I need some guidance on the proof of one of the equations published by Belge, M., et al. 2002, Inverse Problems, 18(4), p.1161. It discusses a multi-constrained regularization approach:
$$\boldsymbol{f}^{*}\left(\boldsymbol{\alpha}\right) = \rm{arg\ } \underset{\it f}{\rm min} \left\{\|\boldsymbol{g} - \boldsymbol{H}\boldsymbol{f}\|_2^2+\sum\limits_{{\it{i}}=1}^{\it M}\alpha_{\it i}\Phi_{\it i}\left(\boldsymbol{R}_{\it i}\boldsymbol{f}\right)\right\}, \ \ \ \ \ \boldsymbol{R}_{\it i},\boldsymbol{H}\in \mathbb{R}^{{\it m}\times {\it n}}$$
where $M$ is the number of constraints, $\boldsymbol{\alpha} = \left[\alpha_1, \alpha_2,\cdots, \alpha_m\right]^T$, $\boldsymbol{R}_i$ are regularization operators, and $\alpha_i$ are the corresponding regularization parameters, $\Phi_i\left(\boldsymbol{R}_i\boldsymbol{f}\right)=\sum_{j=1}^{m}\phi_i\left(\left[\boldsymbol{R}_i\boldsymbol{f}\right]_j\right)$ and the notation $\left[\boldsymbol{R}_i\boldsymbol{f}\right]_j$ denotes the jth element of the vector $\boldsymbol{R}_i\boldsymbol{f}$. In addition, $\phi_i\left(t\right)$ is a continuously differentiable, convex, non-negative ($\phi_i\left(t\right) \geqslant 0, \forall t$) even function.

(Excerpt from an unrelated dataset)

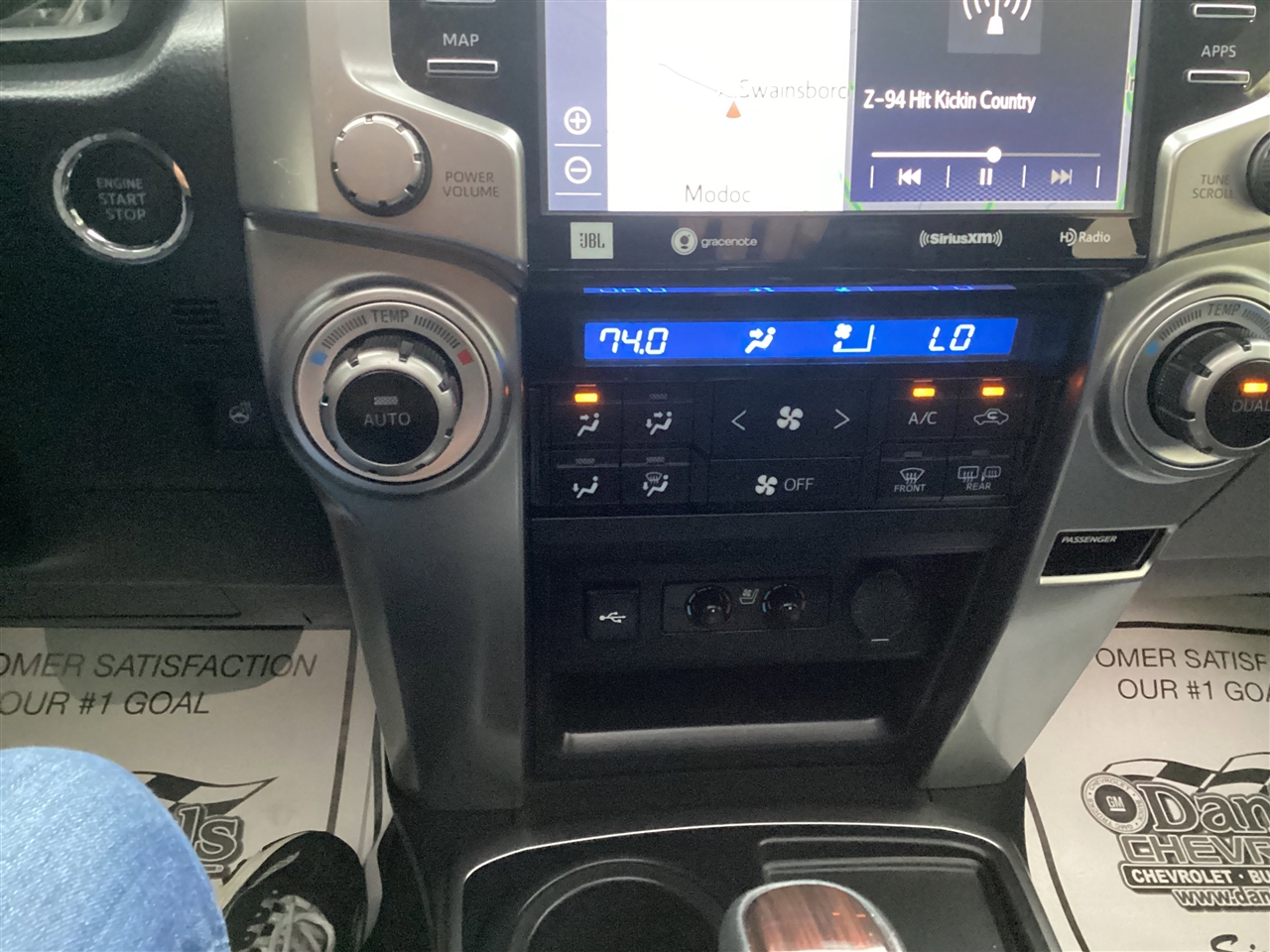 Toyota 4Runner Limited 2WD (Natl) 2023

By taking the gradient with respect to $f$ and setting the result equal to zero we obtain the following first-order condition that must be satisfied by $f^*\left(\boldsymbol{\alpha}\right)$
$$\boldsymbol{K}_{f^*}\boldsymbol{f}^* = \boldsymbol{H}^T\boldsymbol{g}$$
where
$$\boldsymbol{K}_{f^*}=\boldsymbol{H}^T\boldsymbol{H}+\frac 12 \sum\limits_{i=1}^{M}\alpha_i\boldsymbol{R}_i^T \underset{k=1,\cdots,m}{\rm{diag}} \left[\frac{\phi'_i\left(\left[\boldsymbol{R}_i\boldsymbol{f}^*\right]_k\right)}{\left[\boldsymbol{R}_i\boldsymbol{f}^*\right]_k}\right]\boldsymbol{R}_i$$
Could someone kindly give me some hint how the following term has obtained? $\frac 12 \sum\limits_{i=1}^{M}\alpha_i\boldsymbol{R}_i^T \underset{k=1,\cdots,m}{\rm{diag}} \left[\frac{\phi'_i\left(\left[\boldsymbol{R}_i\boldsymbol{f}^*\right]_k\right)}{\left[\boldsymbol{R}_i\boldsymbol{f}^*\right]_k}\right]\boldsymbol{R}_i$.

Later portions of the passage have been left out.